This project contains two webscrapers:
- Scrapes the website for forms matching user's input & returns results as JSON data in a new JSON file
- Scrapes the website for forms matching user's input & downloads results as PDFs in a new sub-directory of desired form's name
What is webscraping and when is it done?
- Webscraping is a program written to extract the data you see when you visit the website manually.
- Webscraping is done when an website lacks a dedicated API for pulling the data.
- It's important to look at the terms and conditions of the website you are scraping and be ethical in your use.
- The website being scraped in this project has no robots.txt page.
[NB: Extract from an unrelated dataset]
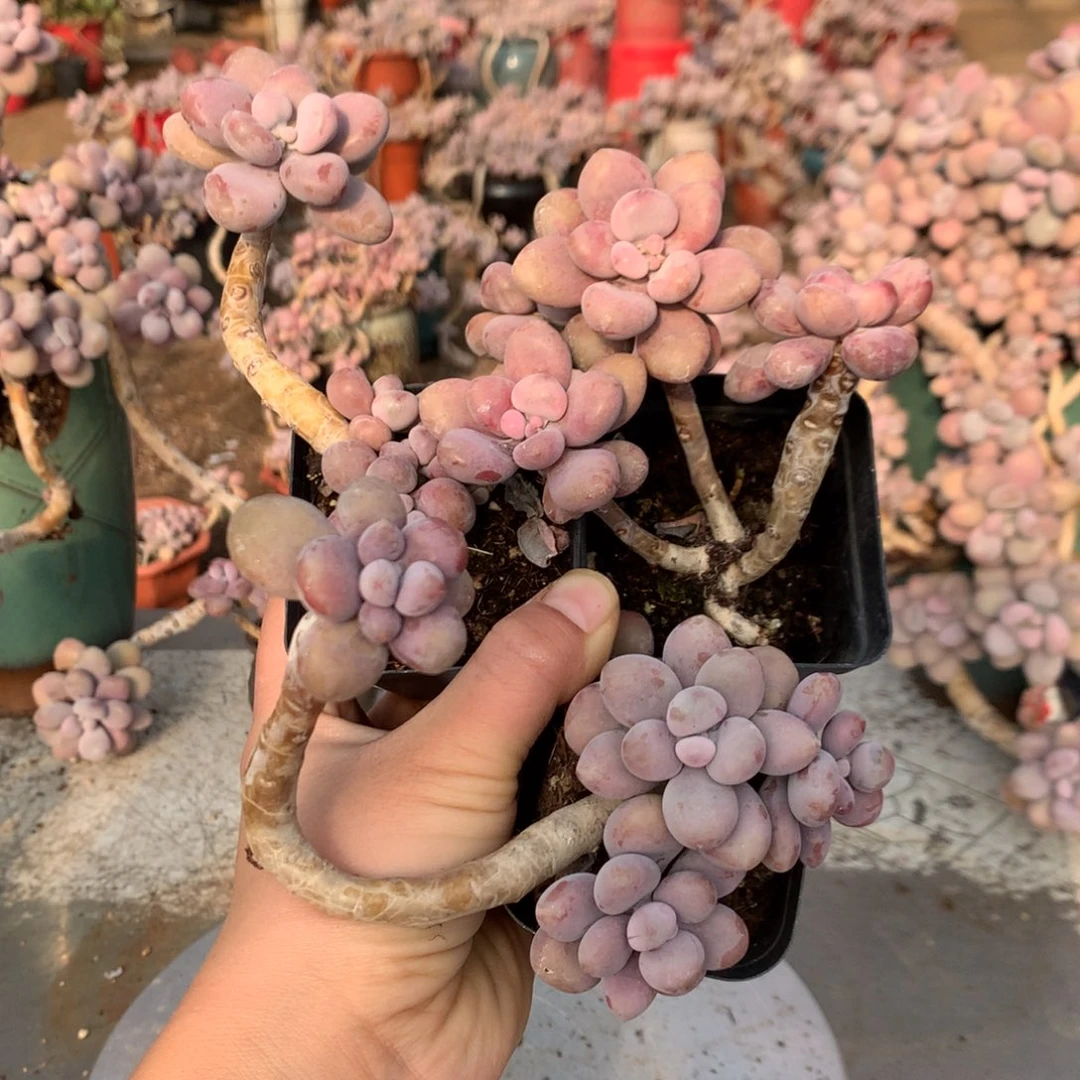 桃蛋老桩不带盆42号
- The purpose of this project was purely personal / educational.
- Python 3.9.8
- Library: BeautifulSoup
- Library: requests
- Clone this repo:
cd <your_desired_directory>
git clone https://github.com/katalinschmidt/webscraping.git
- Set-up the virtual environment:
virtualenv env
source env/bin/activate
pip3 install -r requirements.txt
- For webscraper 1 / form results as JSON data:
$ python3 scrape_forms.py
- Input: as prompted
- Output: new file '/query_results.json' containing JSON data
- For webscraper 2 / form results as PDF downloads:
$ python3 scrape_downloads.py
- Input: as prompted
- Output: new subdirectory '/{desired_form_name}' containing PDFs
There are numerous popular webscraping tools and each tool has its own advantages and disadvantages.
In preparation for this project, I looked into the following webscraping tools:
- BeautifulSoup
- User-friendly
- Requires dependencies => difficult to transfer code
- Inefficient (for scaling / larger projects)
- Selenium
- Versatile (e.g. automated-testing within the same framework)
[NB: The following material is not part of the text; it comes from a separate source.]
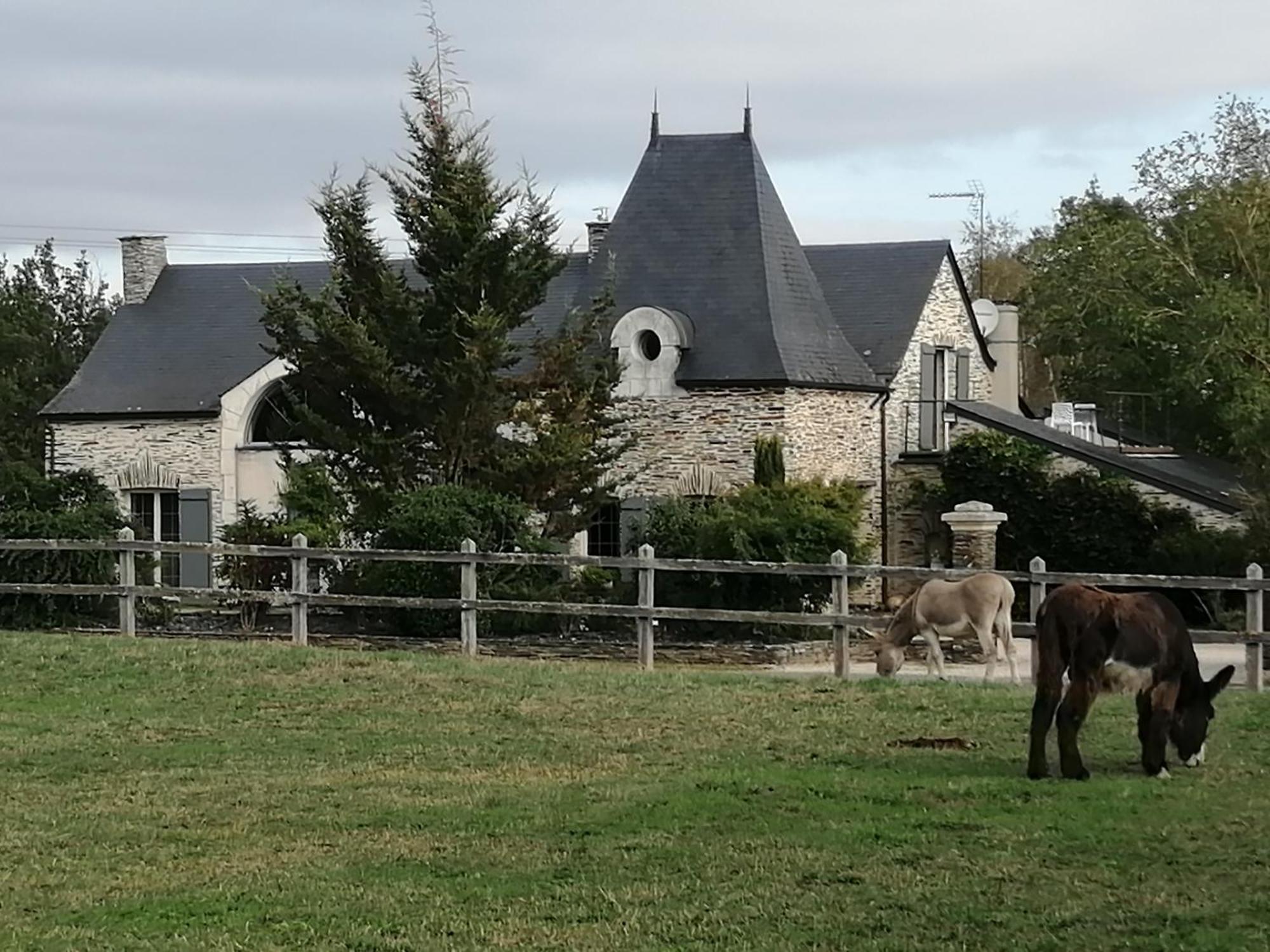 Hotel Gite Belle Fontaine Angrie Exterior foto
- Works well with Javascript
- Not user-friendly (i.e. not designed w/webscraping in mind)
- Scrapy
- Efficient (for scaling / larger projects)
- Written in Python framework => asynchronous capabilities
- No dependencies => portable
- Not user-friendly
Due to my personal time constraints, I decided to use BeautifulSoup for this project. Selenium and Scrapy are tools that I am still unfamiliar with, but look forward to learning!
There are also many ways I could have designed the input/output of information for this project. For example, shell commands for redirecting and piping could have been required or, to more closely emulate as REST API, I could have developed a small Flask web application with 'webscraper 1' in particular as an endpoint.
Another design choice I made was to use logging as my tool for debugging. Given the nature of the raw HTML being returned by GET requests and then being manipulated with BeautifulSoup, I needed an easy way to read and assess the large amount of data that was the end result of each of these functions and felt that exporting that data to a separate log file would be the best way to accomplish that. Logging is something I had not done before, so I greatly appreciate the practice this project has afforded me with that.